Yeah I didn't realise they'd capture the memory. I though they just unplug the server and take it.

You could potentially have something that recognizes that the server is being tampered with and automatically shuts it down.

[-] drwho@beehaw.org 1 points 1 year ago

Folks have been working on that for a while. I don't know if there are any usable tricks for that, though, been away from the game too long.

[-] algebro@algebro.xyz 1 points 1 year ago* (last edited 1 year ago)

AFAIK it's not that easy to access data on the machine while it's running unless they can bypass the lock screen. People pick stupid passwords for their user accounts so it's totally possible to get in in those cases, but otherwise dont you need really sophisticated side channel attacks to get data out of memory on locked system? It's not like there is some port on the MOBO you can just plug into to get access to RAM

[-] HumbleFlamingo@beehaw.org 1 points 1 year ago

I did some work on this a decade or so ago in college. Data stays in memory a lot longer than you'd think at room temp, like minutes, not seconds. If you spray the modules down with an upside down compressed air can, you have plenty of time to remove it, and plug it into some that can dump it to persistent storage.

[-] drwho@beehaw.org 1 points 1 year ago

It's also possible to keep the lockscreen from coming up.
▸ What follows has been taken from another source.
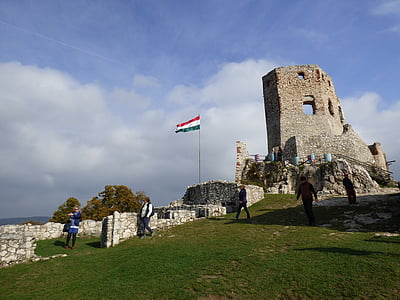 Csesznek, lâu đài, phế tích lâu đài, địa điểm nổi tiếng, lịch sử, lá cờ, du lịch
The mouse cursor jigglers that folks buy as pranks these days started off as another device LEOs use during raids. I think Wiebetech invented that one, too.
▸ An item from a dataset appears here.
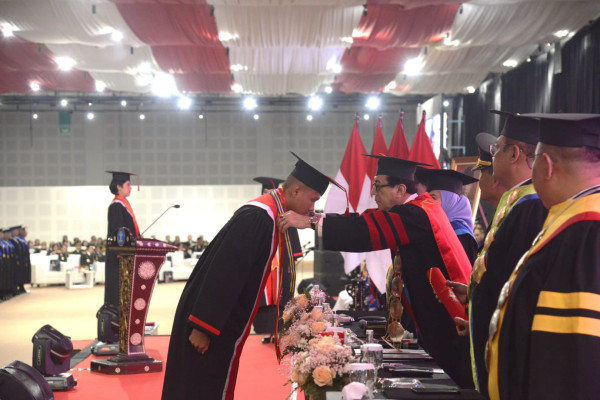 Wisuda Poltekip dan Poltekim, Yasonna Laoly: Tinggalkan Kultur Feodal dalam Pelayanan Publik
As for dumping the contents of RAM from a running machine, look up "memory forensics." It's a thing that LEOs have done for quite a few years as well.

[-] adespoton@lemmy.ca 1 points 1 year ago

The DB itself is encrypted (usually).

And FDE wouldn’t have helped if the disk was currently mounted and the admin logged in; LEO attempts to preserve things as they are, they don’t just unplug the hardware and walk away with it.

[-] dan@upvote.au 3 points 1 year ago

The DB itself is encrypted (usually).

Which DBs support encryption? Genuinely curious, since I usually use full-disk encryption and so often don't have a need to configure encryption in individual services.

they don’t just unplug the hardware and walk away with it.

Huh, I thought that's exactly what they do during a raid. TIL.